Food is central to people’s cultural history and heritage. This is as true in Southeast Asia as it is in Europe. Like the pepper of Kampot, many of the culinary specialities of the member countries of the European Union (EU) also date back centuries. In the 14th century an Italian poet already sung the praise of cheese from the region of Parma, and France’s Bordeaux region is estimated to have been making wine for over 2,000 years.

After centuries of developing their pepper cultivation, it is only fair that the right to use the name “Kampot” for pepper should be restricted to producers and traders who really are connected to the region and who are committed to its tradition.

To protect agricultural products in this way the EU, together with many countries around the world, uses what are called “geographical indications” or “GIs” for short. A GI certifies that a product comes from a particular geographical place and that it has specific qualities directly associated to that origin.

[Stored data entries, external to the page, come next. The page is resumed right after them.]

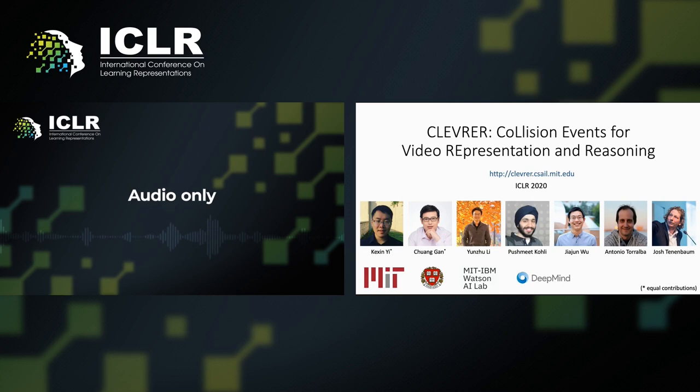Hi, everyone. My name is Kexing Yi. I'm a PhD student from Harvard University. Today I am presenting to you our recent work on a new dataset called Cleverer, which is a video dataset for temporal and causal reasoning. This work is in collaboration with MIT, IBM, and DeepMind.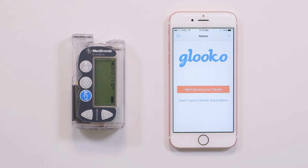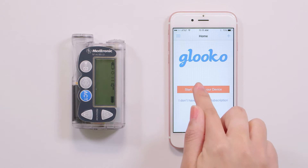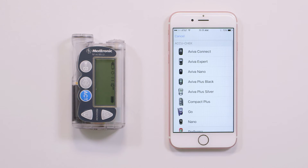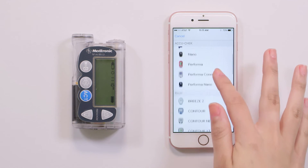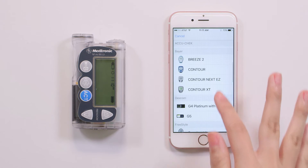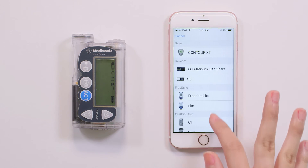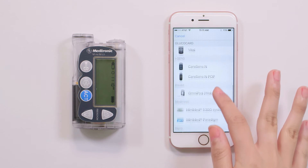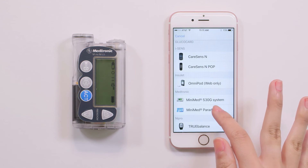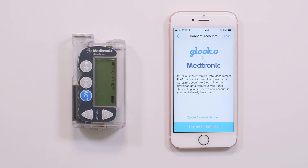From the home screen, tap 'Start syncing your device.' You'll find our list of supported diabetes devices. Scroll down until you see your Medtronic device and tap to open the connect account screen.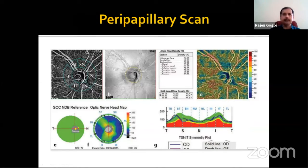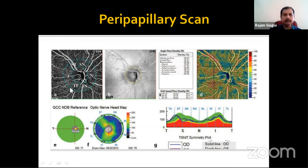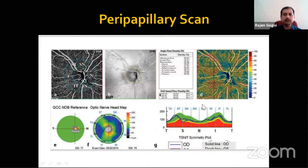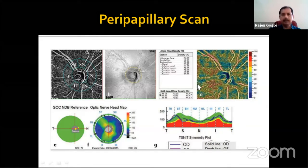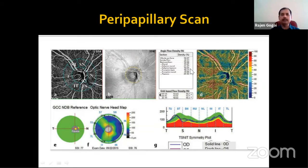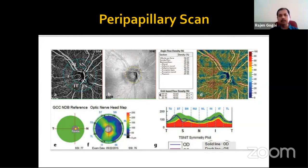In the peripapillary scan, we get six sectors: superior temporal, superior nasal, temporal, nasal, inferior temporal, and inferior nasal. In these six sectors, vessel density is calculated and the density percent is given. In normal cases, 55 to 65 percent density is what we get, and usually the temporal sector shows the highest density. Similar to the TSNIT curve in OCT, we can get the same representation in the peripapillary scan as well.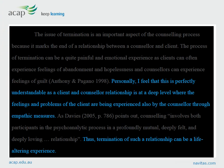For more resources on reflective writing and other assignment types, check out the Student Learning Support website.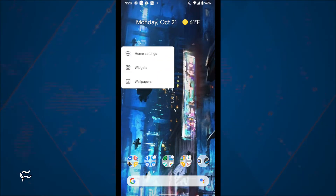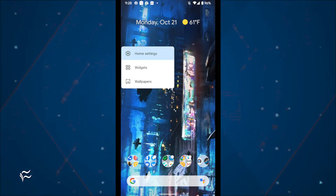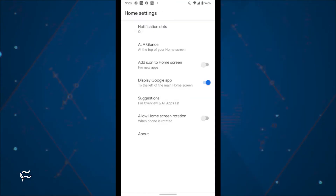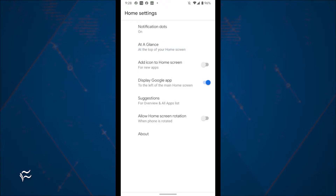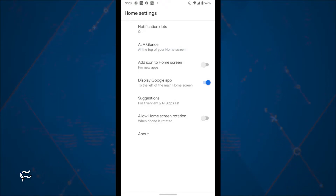To change the at-a-glance information, long press any blank spot on your Android home screen and tap Home Settings. From within the resulting window, tap At a Glance. To get to the setting window faster, you can also long press the At a Glance portion of your Android home screen.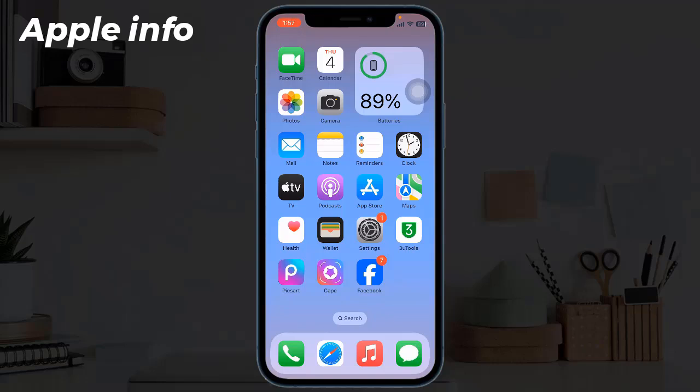Hello viewers, welcome back to my another video. When it comes to iPhone, many people know that it is popular for layout, widgets, and much more. Another great news is that you can use different applications to change the charging animation on iPhone, so you don't have to see the same boring charging animation all the time.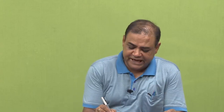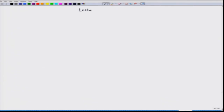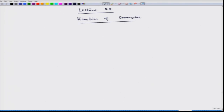Today we will have lecture 28 and we will continue our discussion on kinetics of corrosion. In the last lecture, we just started looking at the corrosion rate in terms of current flow.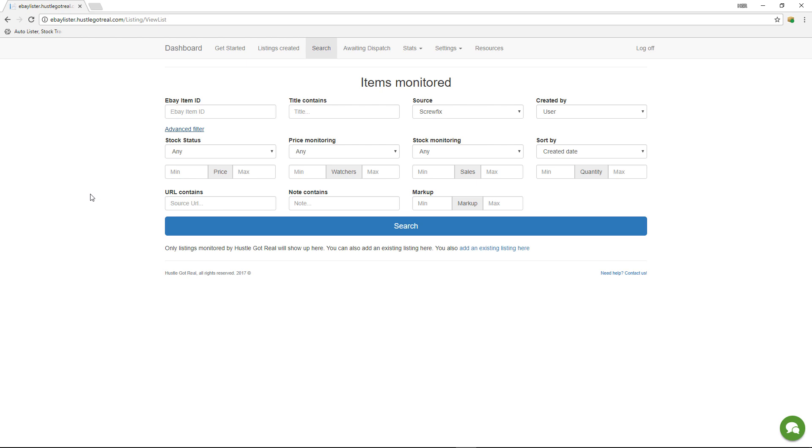Let's say, for example, you want to update the quantity of those items that have been listed from Scrufix and the sell price is greater than 30 pounds.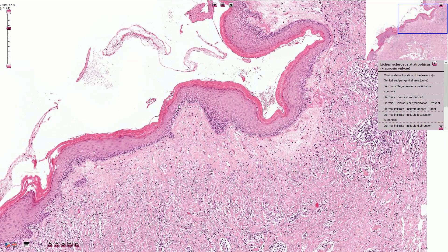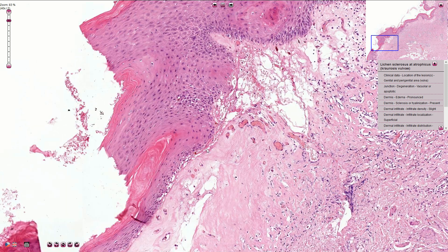dermo-epidermal junction is quite linear without papillary structures. In some areas we can find vacuolar degeneration at the dermo-epidermal junction, and this sign is more prominent in early lesions.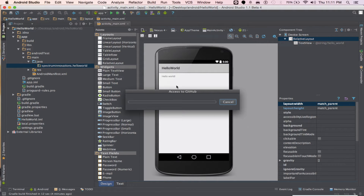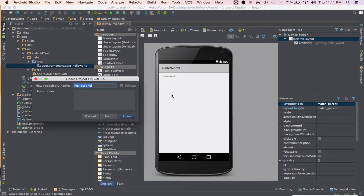And this is going to come up, let's wait for it to finish. Now right here you can make a new repository name — in this case I'll just leave it as hello world — type in the description if you want to, this is an app, then click share.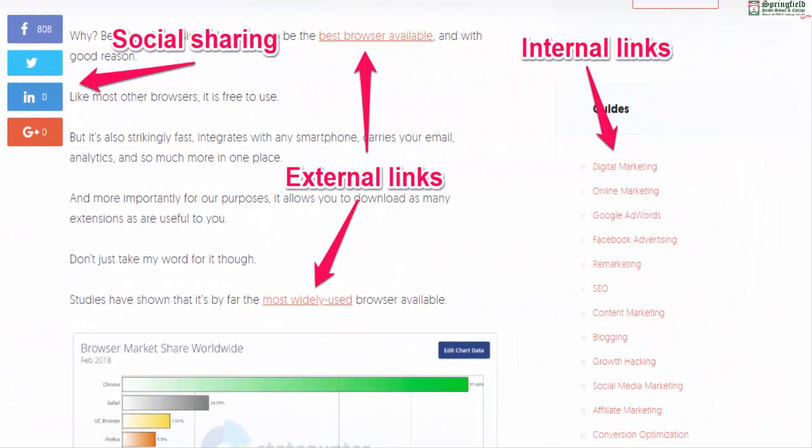Check the links and menus on your pages to make sure they work. It should be clear where links are on your page and where they go.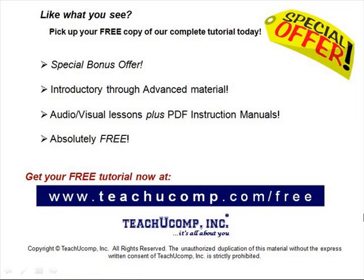Like what you see? Pick up your free copy of the complete tutorial at www.teachucomp.com forward slash free.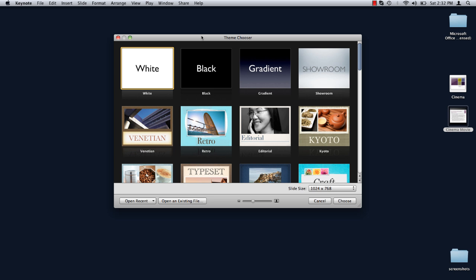So a friend has sent me a PowerPoint presentation, but I don't have PowerPoint. I do have Apple's Keynote software, but that can't open PowerPoint files, right? Wrong. Yes it can.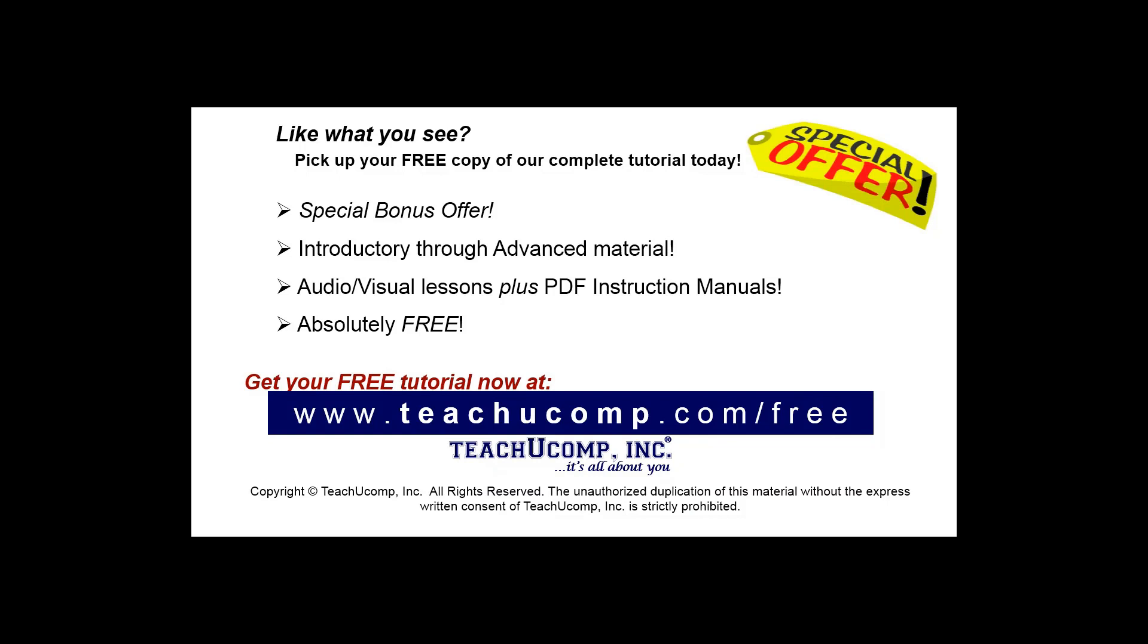Like what you see? Pick up your free copy of the complete tutorial at www.teachucomp.com forward slash free.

Most GIs include a geographical name, as in the case of “Champagne”. By protecting the names that describe our traditional foods and drinks, we protect producers as the guardians of tradition, and protect consumers because they know that what they are buying is the real thing.

For the European Union the protection of GIs is not only about safeguarding cultural heritage but also about protecting an economic resource, so GIs are something to be proud of and benefit from at the same time. GIs have tremendous potential as a source of economic development. Some years ago, a study put the total sales value of the EU’s GIs at €54 billion. In Cambodia too, the potential of geographical indications as an income earner has been solidly demonstrated over the past years. Whereas in 2008 just 4 tonnes of Kampot pepper were sold, in 2015 sales had risen more than 15-fold while the prices of the various colours of pepper roughly doubled.

In February this year, Kampot pepper became the first Cambodian product to be recognised by the EU as a Geographical Indication. In their hard work to arrive at that moment, the Kampot Pepper Producers Association and the Cambodian Ministry of Commerce received support from the EU’s ECAP III project, from the French development agency AFD and from the UN agency FAO, among others. Together, we worked on quality standards for the product and on developing the necessary legal framework.

The registration was rightly celebrated as a proud moment for Cambodia. Now Kampot pepper is protected on the EU market against any imitations trying to ride on its reputation. And thanks to the EU Geographical Indications logo, 500 million European consumers can see that they are getting the real deal.

Cambodia is now pushing ahead with more applications for GI registration both here and in the EU, such as for the excellent palm sugar from Kampong Speu province. The development of more geographical indications can give a much-needed helping hand to Cambodia’s farmers and traders, to improve Cambodia’s agriculture and to protect its cultural and culinary heritage. They allow Cambodians to proudly reap the benefits of what, over the course of so many centuries, they have been sowing.

A national seminar on the protection of Geographical Indications takes place today, organised by the Ministry of Commerce with the support of UN FAO and the French Development Agency in collaboration with the European Union delegation to Cambodia.

George Edgar is the European Union’s ambassador to Cambodia.